DATASET EXCERPTS:
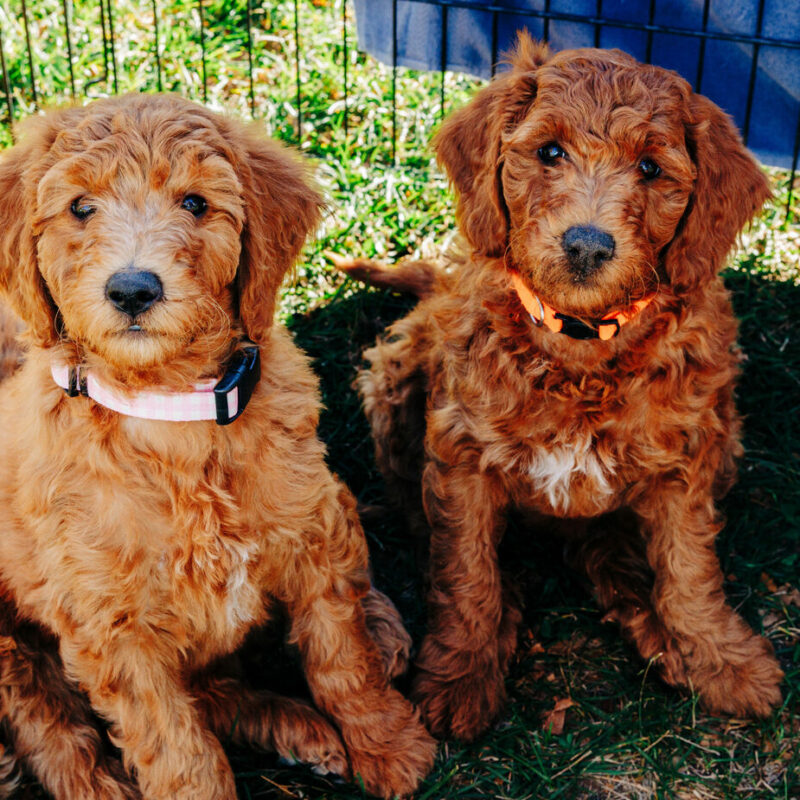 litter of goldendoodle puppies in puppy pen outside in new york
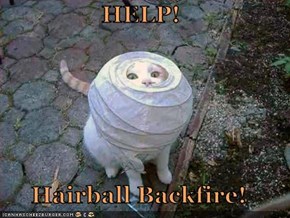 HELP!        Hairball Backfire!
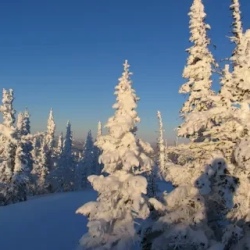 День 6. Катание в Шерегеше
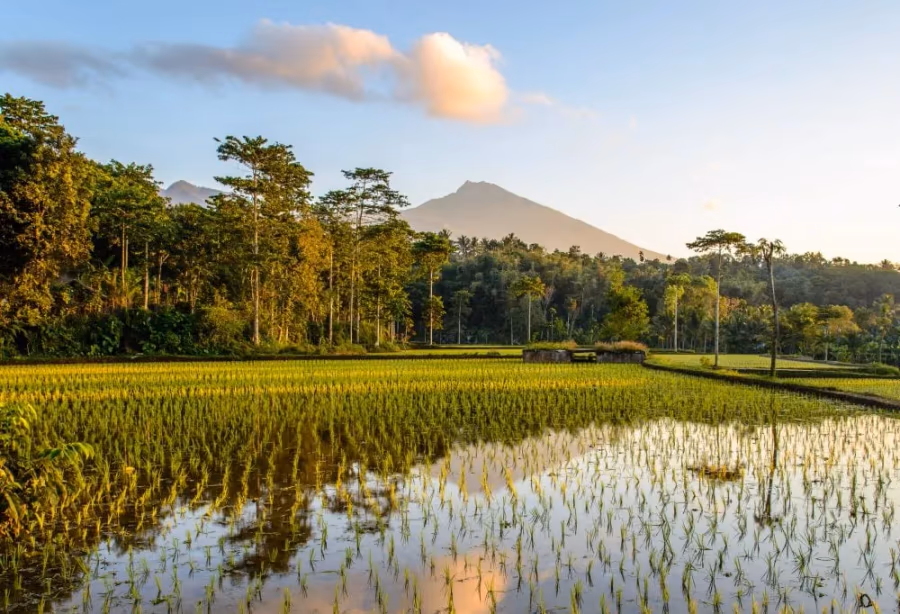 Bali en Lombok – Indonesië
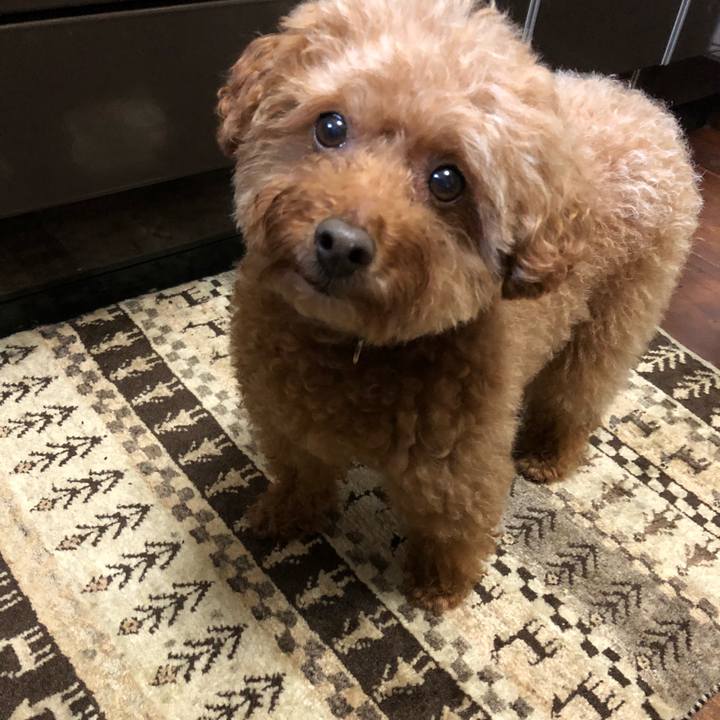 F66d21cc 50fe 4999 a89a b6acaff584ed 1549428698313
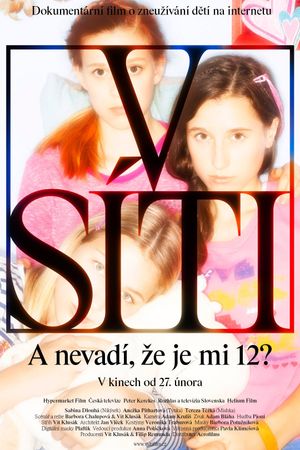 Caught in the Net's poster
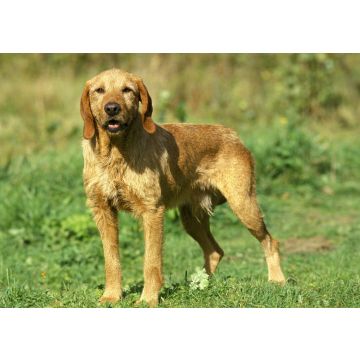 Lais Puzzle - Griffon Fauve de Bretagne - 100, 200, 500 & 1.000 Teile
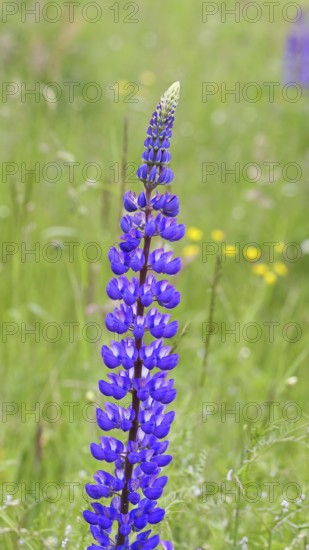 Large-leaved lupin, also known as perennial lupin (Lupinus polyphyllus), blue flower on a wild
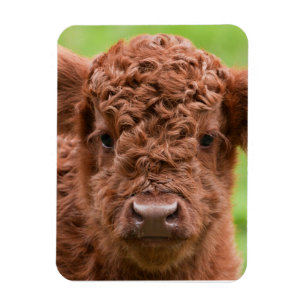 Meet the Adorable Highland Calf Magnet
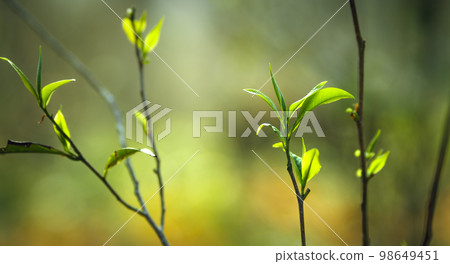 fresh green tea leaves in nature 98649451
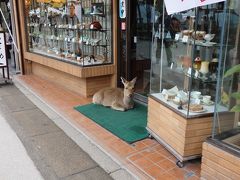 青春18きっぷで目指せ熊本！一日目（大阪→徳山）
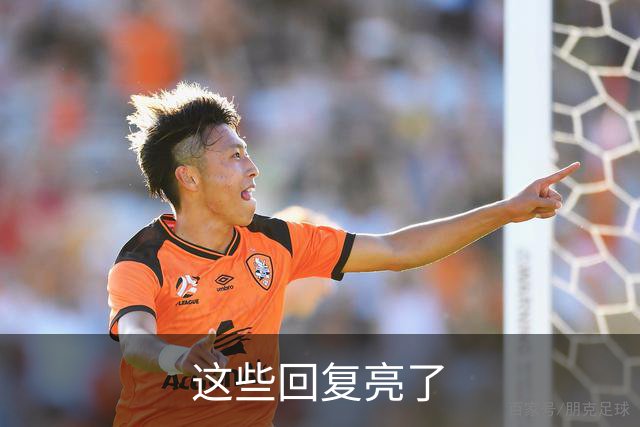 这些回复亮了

---

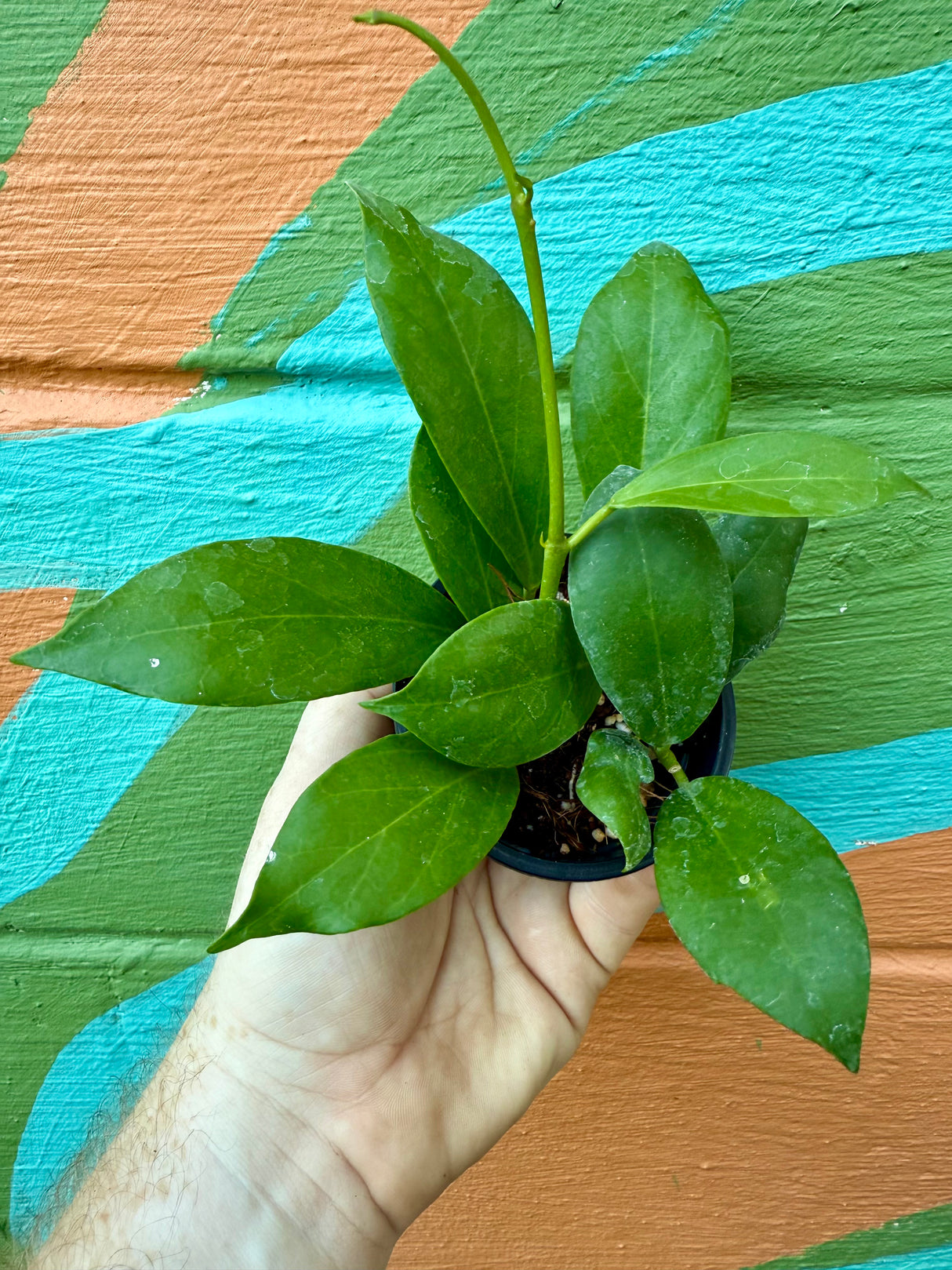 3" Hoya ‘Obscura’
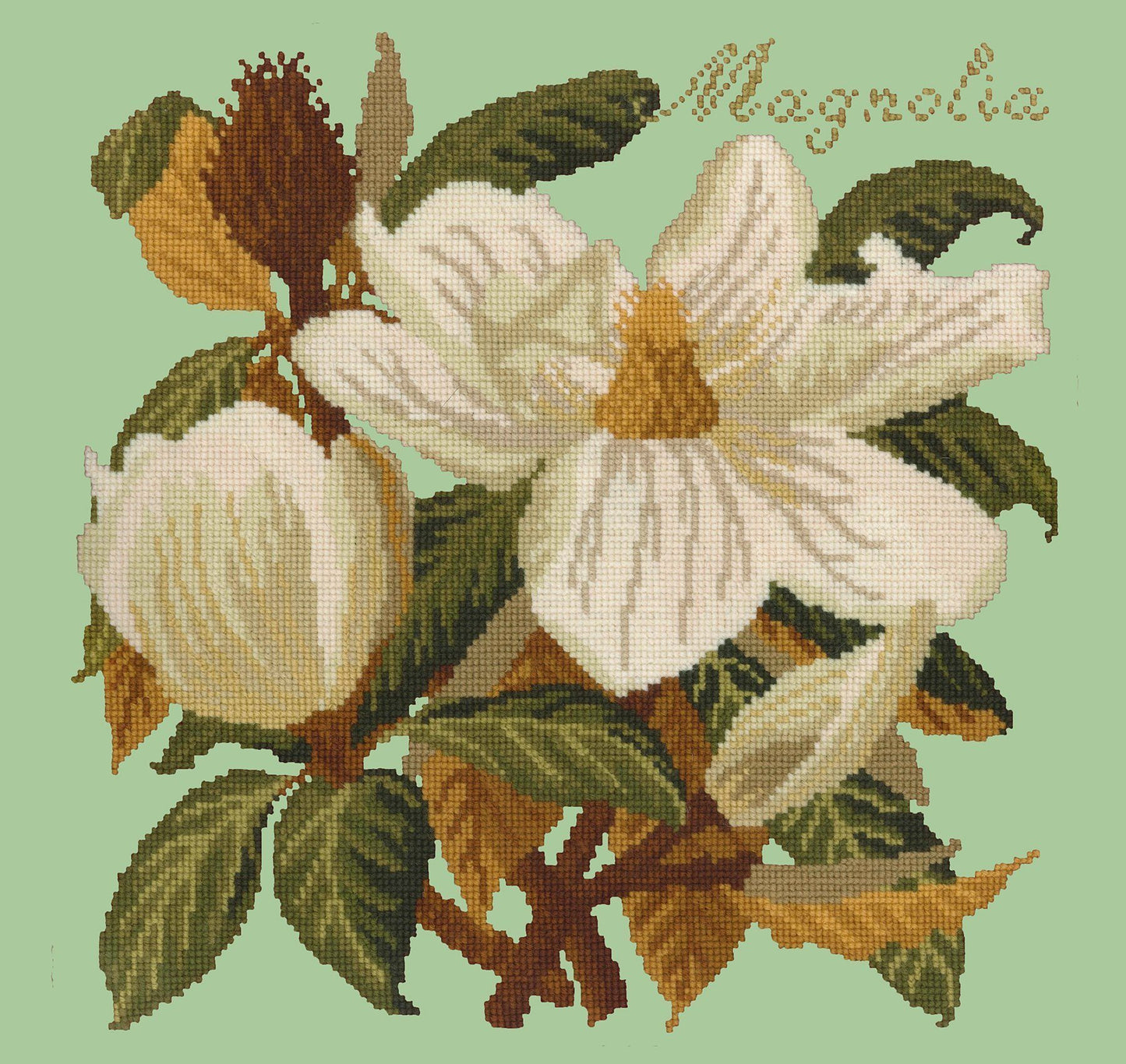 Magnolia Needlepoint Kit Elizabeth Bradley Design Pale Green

ACTIVITY: Please output, exactly as written, the lines above from the one holding "litter of goldendoodle" through the one holding "Caught in the Net's poster", both included, with the pictures omitted.

OUTPUT OF THE TASK:
 litter of goldendoodle puppies in puppy pen outside in new york
 HELP!        Hairball Backfire!
 День 6. Катание в Шерегеше
 Bali en Lombok – Indonesië
 F66d21cc 50fe 4999 a89a b6acaff584ed 1549428698313
 Caught in the Net's poster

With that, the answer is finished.